NBA legend Michael Jordan and his NASCAR team are now among two teams suing the stock car racing organization and its owner for what the lawsuits allege are NASCAR’s monopoly over the sport and unfair terms for the teams, drivers and sponsors.
Front Row Motorsports and 23XI Racing, a team co-owned by Jordan, jointly filed an antitrust lawsuit against NASCAR and its owner, CEO Jim France, in federal court in North Carolina’s Western District.
Their lawsuit alleges that NASCAR and France used “anticompetitive and exclusionary practices” to “enrich themselves at the expense of the premier stock car racing teams.”
Jordan and others allege that NASCAR operates without transparency and has control over the sport to such a degree that it unfairly benefits the organization at the expense of owners, sponsors, drivers and fans.
NASCAR, unlike most other professional sports leagues, is a privately owned and operated company by the France family.
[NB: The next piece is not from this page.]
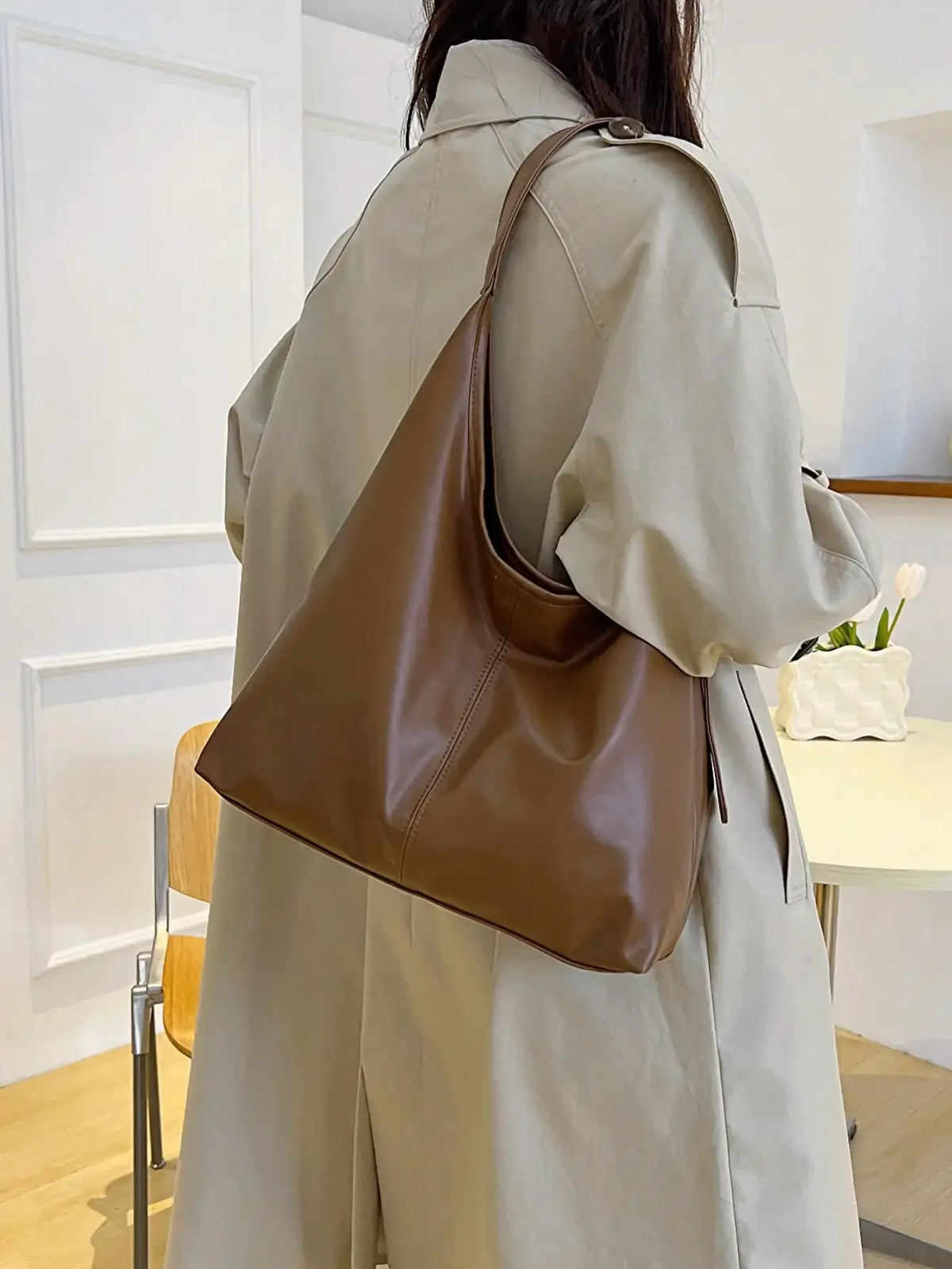 Large Capacity Solid Color Women's Shoulder Bag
Its current chief, Jim France took over the CEO role in 2016 for his nephew, ex-NASCAR Chairman and CEO Brian France, who took an “indefinite leave” after his arrest in New York on charges of drunken driving and drug possession.
The suit states, “No other major professional sport in North America is run by a single family that enriches themselves through these kinds of unchecked monopolistic practices.”